1. Send an important message to elected officials that this proposal needs to receive proper community input.
2. Attend an upcoming city meeting to express your concerns/questions about the legislation.
3. Review our main talking points for guidance on what to say.
Mayor Jesse Arreguin (in coordination with Rent Board Commissioner Leah Simon-Weisberg) has announced his intention to introduce the "Tenant Opportunity to Purchase Act" (TOPA) in 2019. In 2020, we put up a fight and were able to stop the legislation in its tracks. It was re-introduced by the Mayor in March 2021.
Originally Inspired by the Oakland Moms 4 Housing movement, its sponsors claim TOPA will "prevent displacement" and will increase ownership opportunities for tenants. But this is far from the truth.
TOPA has been in the works for years. It is clear that the true intention of the legislation is not to help underprivileged tenants, or aim to prevent homelessness at all. In reality, it's granting the city the power to dictate how properties are sold, to whom they can be sold, and even how much they can be sold for!
This is the most aggressive assault on private property rights. TOPA is eminent domain in disguise. It will have devastating effects on owners, tenants and the future of our city. This only benefits outside special interest groups, lawyers, and complicit politicians.
Modeled on the failed Washington D.C. legislation, and on the heels of total non-partisan rejection by outraged City of Richmond residents in 2019, the Berkeley bill goes as far as it can to stepping on private property rights.
First right of offer. TOPA demands you offer your property to all tenants, before it is placed on the open market. This prevents your property from going on the market for sale, until every renter waives his or her rights in writing. This will create lengthy, unpredictable time periods that will frustrate a sale and create perverse incentives for tenants.
First right of offer AND first right of refusal. In addition to offering the tenant a first right of refusal, each owner will also need to inform each and every listed "Qualified Nonprofit" - approved by the city - of the owner's intent to sell. And even if they say "no thanks" and the owner goes to the market for a buyer, the owner must notify the tenants and qualified nonprofits of the offer made by another party and give the tenant or Qualified Nonprofits the First Right of Refusal.
Any owner found in violation of TOPA could be fined $1,000 per day, per unit!

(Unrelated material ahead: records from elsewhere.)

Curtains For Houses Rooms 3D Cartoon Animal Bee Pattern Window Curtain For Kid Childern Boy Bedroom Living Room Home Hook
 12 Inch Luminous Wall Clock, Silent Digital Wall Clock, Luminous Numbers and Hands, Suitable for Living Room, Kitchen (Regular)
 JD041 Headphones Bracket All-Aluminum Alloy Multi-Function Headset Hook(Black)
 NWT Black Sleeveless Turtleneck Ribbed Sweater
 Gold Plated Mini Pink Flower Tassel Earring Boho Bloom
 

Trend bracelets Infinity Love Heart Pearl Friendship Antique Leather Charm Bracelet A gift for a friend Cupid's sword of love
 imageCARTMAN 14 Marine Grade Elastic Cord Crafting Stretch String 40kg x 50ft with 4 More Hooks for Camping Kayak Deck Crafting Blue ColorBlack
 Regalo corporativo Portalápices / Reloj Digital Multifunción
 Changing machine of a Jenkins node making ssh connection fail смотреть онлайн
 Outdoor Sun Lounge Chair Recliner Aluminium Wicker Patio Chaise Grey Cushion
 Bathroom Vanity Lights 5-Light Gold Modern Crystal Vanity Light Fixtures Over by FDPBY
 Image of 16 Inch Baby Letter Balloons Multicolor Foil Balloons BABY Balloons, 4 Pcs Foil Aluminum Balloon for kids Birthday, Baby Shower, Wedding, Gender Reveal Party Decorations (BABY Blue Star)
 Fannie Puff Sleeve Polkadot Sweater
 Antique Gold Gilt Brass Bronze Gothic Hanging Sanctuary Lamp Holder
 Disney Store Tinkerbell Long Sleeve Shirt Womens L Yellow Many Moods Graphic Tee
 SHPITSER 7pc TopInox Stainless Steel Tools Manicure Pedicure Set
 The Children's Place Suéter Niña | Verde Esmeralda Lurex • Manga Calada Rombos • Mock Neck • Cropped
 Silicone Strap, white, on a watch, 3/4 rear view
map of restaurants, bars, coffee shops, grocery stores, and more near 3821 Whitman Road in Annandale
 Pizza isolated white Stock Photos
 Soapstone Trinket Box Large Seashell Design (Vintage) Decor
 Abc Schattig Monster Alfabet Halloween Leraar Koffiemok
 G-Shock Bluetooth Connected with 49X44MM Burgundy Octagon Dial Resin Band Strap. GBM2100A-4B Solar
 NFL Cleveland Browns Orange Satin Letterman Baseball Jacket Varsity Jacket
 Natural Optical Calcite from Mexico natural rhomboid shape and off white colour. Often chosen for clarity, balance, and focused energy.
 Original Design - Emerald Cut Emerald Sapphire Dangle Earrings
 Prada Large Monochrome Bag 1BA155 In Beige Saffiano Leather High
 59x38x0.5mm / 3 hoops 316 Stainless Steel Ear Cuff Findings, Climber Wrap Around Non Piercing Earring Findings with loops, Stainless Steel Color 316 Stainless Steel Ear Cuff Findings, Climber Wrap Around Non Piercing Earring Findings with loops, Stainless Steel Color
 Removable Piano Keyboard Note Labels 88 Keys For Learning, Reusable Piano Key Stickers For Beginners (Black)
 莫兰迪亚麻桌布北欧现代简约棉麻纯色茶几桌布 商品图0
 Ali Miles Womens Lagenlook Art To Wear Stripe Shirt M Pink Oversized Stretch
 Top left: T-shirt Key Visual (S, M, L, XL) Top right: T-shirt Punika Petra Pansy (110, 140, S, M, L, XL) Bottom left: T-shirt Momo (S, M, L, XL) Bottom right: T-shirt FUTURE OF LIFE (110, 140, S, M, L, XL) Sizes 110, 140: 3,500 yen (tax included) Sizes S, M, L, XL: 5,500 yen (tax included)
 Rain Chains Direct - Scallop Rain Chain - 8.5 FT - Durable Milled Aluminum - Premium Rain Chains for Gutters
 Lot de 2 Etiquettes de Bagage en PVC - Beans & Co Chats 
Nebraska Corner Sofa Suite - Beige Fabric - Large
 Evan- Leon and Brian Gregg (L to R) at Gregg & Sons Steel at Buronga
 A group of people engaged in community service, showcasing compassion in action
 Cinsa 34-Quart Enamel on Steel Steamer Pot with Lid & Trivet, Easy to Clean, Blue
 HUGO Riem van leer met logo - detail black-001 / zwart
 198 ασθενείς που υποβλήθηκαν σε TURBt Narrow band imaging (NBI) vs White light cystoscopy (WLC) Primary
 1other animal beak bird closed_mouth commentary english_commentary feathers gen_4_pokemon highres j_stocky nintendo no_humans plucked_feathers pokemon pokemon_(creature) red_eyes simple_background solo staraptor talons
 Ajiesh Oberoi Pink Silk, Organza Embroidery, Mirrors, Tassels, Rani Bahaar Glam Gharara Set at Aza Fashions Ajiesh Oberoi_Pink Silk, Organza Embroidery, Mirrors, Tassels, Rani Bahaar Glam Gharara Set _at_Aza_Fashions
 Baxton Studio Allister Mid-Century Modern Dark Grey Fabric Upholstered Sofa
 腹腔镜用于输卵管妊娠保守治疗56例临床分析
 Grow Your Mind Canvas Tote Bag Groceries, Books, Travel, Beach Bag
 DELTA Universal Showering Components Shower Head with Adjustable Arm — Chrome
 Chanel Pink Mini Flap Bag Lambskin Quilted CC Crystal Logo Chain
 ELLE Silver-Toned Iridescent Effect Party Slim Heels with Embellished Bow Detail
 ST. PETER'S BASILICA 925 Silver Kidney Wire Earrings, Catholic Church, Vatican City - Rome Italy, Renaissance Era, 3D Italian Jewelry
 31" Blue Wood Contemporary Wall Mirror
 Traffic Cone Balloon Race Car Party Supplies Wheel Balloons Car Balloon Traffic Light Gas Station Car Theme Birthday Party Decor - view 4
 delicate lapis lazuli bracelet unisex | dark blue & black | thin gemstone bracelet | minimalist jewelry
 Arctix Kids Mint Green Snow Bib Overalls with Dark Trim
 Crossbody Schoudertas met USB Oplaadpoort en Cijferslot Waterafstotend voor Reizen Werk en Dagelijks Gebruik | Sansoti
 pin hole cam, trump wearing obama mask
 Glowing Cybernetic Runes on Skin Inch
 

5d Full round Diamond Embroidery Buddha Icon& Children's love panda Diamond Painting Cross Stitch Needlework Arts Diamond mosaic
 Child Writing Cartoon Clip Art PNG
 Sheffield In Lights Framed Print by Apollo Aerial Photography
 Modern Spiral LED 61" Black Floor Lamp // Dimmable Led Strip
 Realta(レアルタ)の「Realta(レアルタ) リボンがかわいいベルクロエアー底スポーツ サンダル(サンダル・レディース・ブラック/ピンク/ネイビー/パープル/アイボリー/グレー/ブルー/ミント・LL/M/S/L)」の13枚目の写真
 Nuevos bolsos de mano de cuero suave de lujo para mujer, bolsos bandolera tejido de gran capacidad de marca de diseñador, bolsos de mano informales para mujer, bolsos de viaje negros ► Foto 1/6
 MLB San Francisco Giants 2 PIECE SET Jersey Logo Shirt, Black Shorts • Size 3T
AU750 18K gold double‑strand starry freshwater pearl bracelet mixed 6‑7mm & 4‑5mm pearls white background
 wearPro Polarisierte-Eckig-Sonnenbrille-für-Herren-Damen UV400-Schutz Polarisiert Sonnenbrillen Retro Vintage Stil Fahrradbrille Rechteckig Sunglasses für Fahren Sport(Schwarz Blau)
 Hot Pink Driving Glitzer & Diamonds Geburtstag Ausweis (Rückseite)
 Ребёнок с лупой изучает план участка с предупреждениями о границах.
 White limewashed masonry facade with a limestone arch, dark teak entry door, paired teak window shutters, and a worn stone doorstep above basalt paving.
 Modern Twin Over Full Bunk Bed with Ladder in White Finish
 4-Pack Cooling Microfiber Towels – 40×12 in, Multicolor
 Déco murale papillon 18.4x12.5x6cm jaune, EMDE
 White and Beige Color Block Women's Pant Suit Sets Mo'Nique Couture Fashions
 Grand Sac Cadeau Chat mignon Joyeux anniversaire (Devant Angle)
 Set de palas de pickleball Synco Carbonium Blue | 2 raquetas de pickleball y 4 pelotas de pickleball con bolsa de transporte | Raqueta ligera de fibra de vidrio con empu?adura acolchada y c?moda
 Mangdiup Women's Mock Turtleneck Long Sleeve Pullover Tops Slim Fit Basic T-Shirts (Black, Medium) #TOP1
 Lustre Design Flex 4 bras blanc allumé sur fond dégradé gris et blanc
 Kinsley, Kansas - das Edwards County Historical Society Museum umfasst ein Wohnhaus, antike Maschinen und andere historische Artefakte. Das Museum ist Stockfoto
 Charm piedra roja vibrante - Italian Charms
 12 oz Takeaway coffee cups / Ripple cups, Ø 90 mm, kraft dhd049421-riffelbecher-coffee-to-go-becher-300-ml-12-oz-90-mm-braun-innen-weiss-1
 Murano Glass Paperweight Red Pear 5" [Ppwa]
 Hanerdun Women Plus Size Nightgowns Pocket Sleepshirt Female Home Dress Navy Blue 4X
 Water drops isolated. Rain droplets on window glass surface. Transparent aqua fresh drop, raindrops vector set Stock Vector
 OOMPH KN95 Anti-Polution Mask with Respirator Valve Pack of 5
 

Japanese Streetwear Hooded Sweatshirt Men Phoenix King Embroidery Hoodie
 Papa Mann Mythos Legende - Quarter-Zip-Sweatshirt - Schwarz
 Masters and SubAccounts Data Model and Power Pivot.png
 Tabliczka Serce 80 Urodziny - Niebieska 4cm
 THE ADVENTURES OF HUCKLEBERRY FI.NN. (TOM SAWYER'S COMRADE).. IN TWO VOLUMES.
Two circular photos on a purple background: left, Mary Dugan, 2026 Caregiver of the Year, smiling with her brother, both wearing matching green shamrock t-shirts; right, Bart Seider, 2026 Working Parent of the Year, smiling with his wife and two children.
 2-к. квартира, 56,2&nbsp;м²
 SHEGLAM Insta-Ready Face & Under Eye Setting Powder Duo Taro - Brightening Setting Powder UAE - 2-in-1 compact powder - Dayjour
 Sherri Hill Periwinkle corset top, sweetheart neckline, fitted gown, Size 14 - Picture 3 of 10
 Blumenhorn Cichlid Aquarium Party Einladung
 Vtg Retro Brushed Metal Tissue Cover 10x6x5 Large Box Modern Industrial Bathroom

1. Tenants and tenant organizations have the right to purchase your rental property before you may sell, demolish, or withdraw the property from the rental market. This includes any property in which a tenant has residency, including single family homes, Golden Duplexes, triplexes, multi-units and more! Owners may set the asking price (note: don't be fooled - "asking price" does not equal "market price.")
2. Tenant(s) may activate their right to purchase or they may assign the right to the city-approved nonprofits (aka "Qualified Organizations") .
3. Tenants or the nonprofits have extended period of times to organize themselves, present a Letter of Intent, provide an Offer of Sale, secure financing, and close the sale. Some sales could take over one year if all timelines are maximized.
4. Even if the tenant (or Qualified Nonprofit) do not want to act on an offer of sale, the owner must wait a specified period of time before going out to the market for a third party offer.
5. Once the owner has gone out to the market and secures a new offer, the owner must go back to the tenant(s) and Qualified Nonprofit, offering them a second bite at the apple. The tenant(s) or QO will have additional days to counter or refuse the offer.
6. The owner may not request that a tenant waive their right of first refusal ,nor may an owner require a tenant to prove their financial ability to purchase upfront.
7. An owner violating any of the TOPA provisions is subject to a $1,000 per day, per unit fine.